= Exercise instructions =
Repeat each line, word for word, from the one containing "Pink | Fine Art Print | Scott Petrie" through the last line of the entries, and include no other output.

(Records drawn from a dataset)

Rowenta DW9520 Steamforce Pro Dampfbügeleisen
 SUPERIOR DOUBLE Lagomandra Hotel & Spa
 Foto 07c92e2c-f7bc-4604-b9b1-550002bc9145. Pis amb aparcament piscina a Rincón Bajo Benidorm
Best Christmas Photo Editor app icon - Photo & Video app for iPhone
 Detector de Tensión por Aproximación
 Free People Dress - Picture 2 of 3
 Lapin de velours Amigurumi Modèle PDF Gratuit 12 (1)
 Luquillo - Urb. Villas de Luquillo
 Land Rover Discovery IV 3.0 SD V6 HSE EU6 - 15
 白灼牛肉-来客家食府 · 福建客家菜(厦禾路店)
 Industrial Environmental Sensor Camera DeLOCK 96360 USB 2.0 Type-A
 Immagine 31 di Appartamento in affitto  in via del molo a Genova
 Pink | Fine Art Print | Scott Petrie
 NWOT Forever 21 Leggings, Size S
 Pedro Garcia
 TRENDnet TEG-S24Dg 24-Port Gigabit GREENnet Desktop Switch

= Result =
 Pink | Fine Art Print | Scott Petrie
 NWOT Forever 21 Leggings, Size S
 Pedro Garcia
 TRENDnet TEG-S24Dg 24-Port Gigabit GREENnet Desktop Switch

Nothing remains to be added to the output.